The Reception and Integration Agency (RIA) at the Department of Justice and Equality.

Evil. Corrupt. Lazy. Fascists.

Direct Provision Accommodation Centres.

Prison. Concentration Camp. Isolation. Death Row.

I had read about it. I had heard about it. The Reception and Integration Agency, the monster under the bed.

I haven’t met a nicer monster.

RIA is an agency within the Department of Justice and Equality in Ireland that focuses on asylum seeker accommodation and provision, including providing for social welfare allowances, free room and board, and a number of other complimentary services including but not limited to utility, food, laundry, literacy services, religious services, etc.

I am studying psychology at Duke University. Understanding the way perceptions are formed, transformed, mutilated, and juxtaposed is a breathtaking foray into the depths of the human mind and its complex intricacies. Despite these complexities of the mind, people still subject RIA to the simplest of mentalities, the mob mentality.

Often people make the mistake of thinking that everything is black and white, that one story is the world. They miss the gray, the infinite stories behind the story, and are satisfied with a scapegoat. RIA has long taken the blame for asylum seeker conditions.

When I found out I would be working at RIA, I immediately scoured the internet for anything mentioning RIA. Nothing but negative commentary. It’s week four now but I remember day one as vividly as yesterday. I walked in, thinking that the office was going to be a monotonous gray space full of regretful, cynical workers. I could not have been more wrong.

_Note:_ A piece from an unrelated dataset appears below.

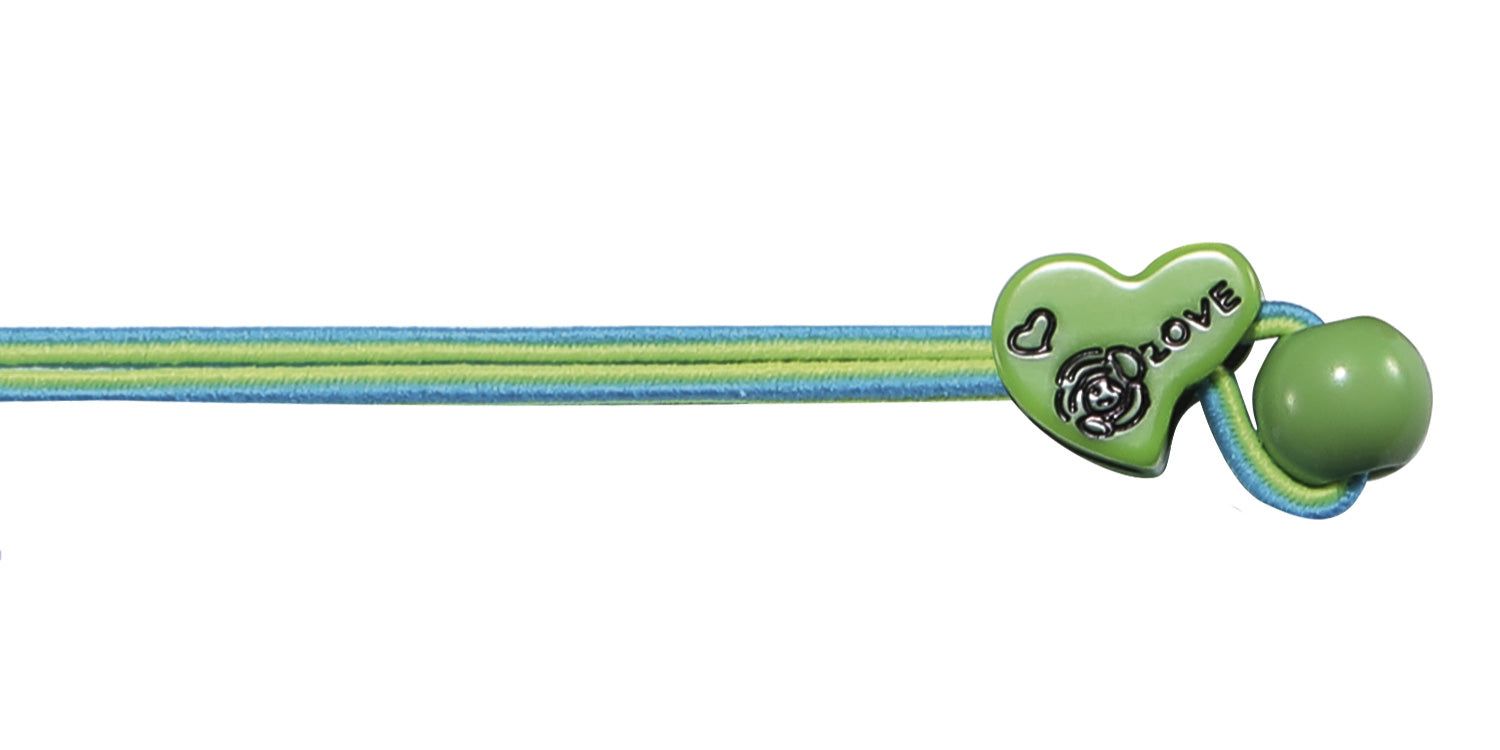 Brillenband für Kinderbrillen, grün-blau, mit herzförmigem Dekor und "LOVE"-Schriftzug.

To have such low expectations and then to have them shattered so spectacularly and through every ceiling imaginable is mind-bending. I walked inside.

A cacophony of noise. Bustling. Phone calls. Conversations.

A swirl of color. Decorated desks. Well-dressed workers. Open windows.

A plethora of smells. Tea. Cake. Coffee.

And a vibe unmatched. Seriousness. Laughter. Critical Thought.

The most significant thing people forget about RIA is that it’s not an entity, it’s an amalgamation of people. Each individual brings a different perspective to the table and works in tandem with others to bring about change. When people say they dislike RIA, they are saying that they dislike the Principal Officer who bikes to and from work to go to meetings and conventions to continuously improve asylum seeker accommodation centers. They say they the Assistant Principal Officer who meticulously reads through and listens to complaints and spends hours brainstorming how to resolve the situation. They say they dislike the Higher Executive Officer who takes calls with contractors non-stop to ensure everything is running smoothly in the centers. They say they dislike Clerical Officer who has already become proficient at contractor relations only a year in. They say they dislike the twenty or so other people involved with RIA, each with their own individual lives trying to make the best of the situation they are in. The people are great, sure, but why does that not translate into maximum happiness for asylum seekers in accommodation centers?

Resources. As a government agency, or for that matter any agency, RIA is limited by the resources it has or has been given. There is no infinite pool of housing and staff and food and electricity to draw from. Each provision provided has to be methodically reviewed within a supply chain that must be reliable and sustainable.

The Direct Provision system is not perfect, not even close. And yet, the people of RIA are doing everything in their power and sometimes even beyond that to improve and ensure that the lives of the asylum seekers are as comfortable and as independent as possible. The McMahon Report Recommendations are almost realized and RIA has been working non-stop to catalyze a nationwide shift from a Dining Hall system of food distribution with pre-prepared meals to a Food Hall system with food available for cooking at home. This is the work of the people of RIA.

Someone in RIA once told me “I do not tell people I work at RIA because I do not want to cause problems”.

At a certain point, you have to wonder if all the terrible atrocities people associate RIA with are as malignant as the people are to RIA. In this mind-bending game of perception, the people have embraced RIA as the scapegoat for any asylum-seeker related problem. With an unrivaled, sometimes perilous self-righteousness in NGOs, RIA has become a nightmare that is truly working to a dream.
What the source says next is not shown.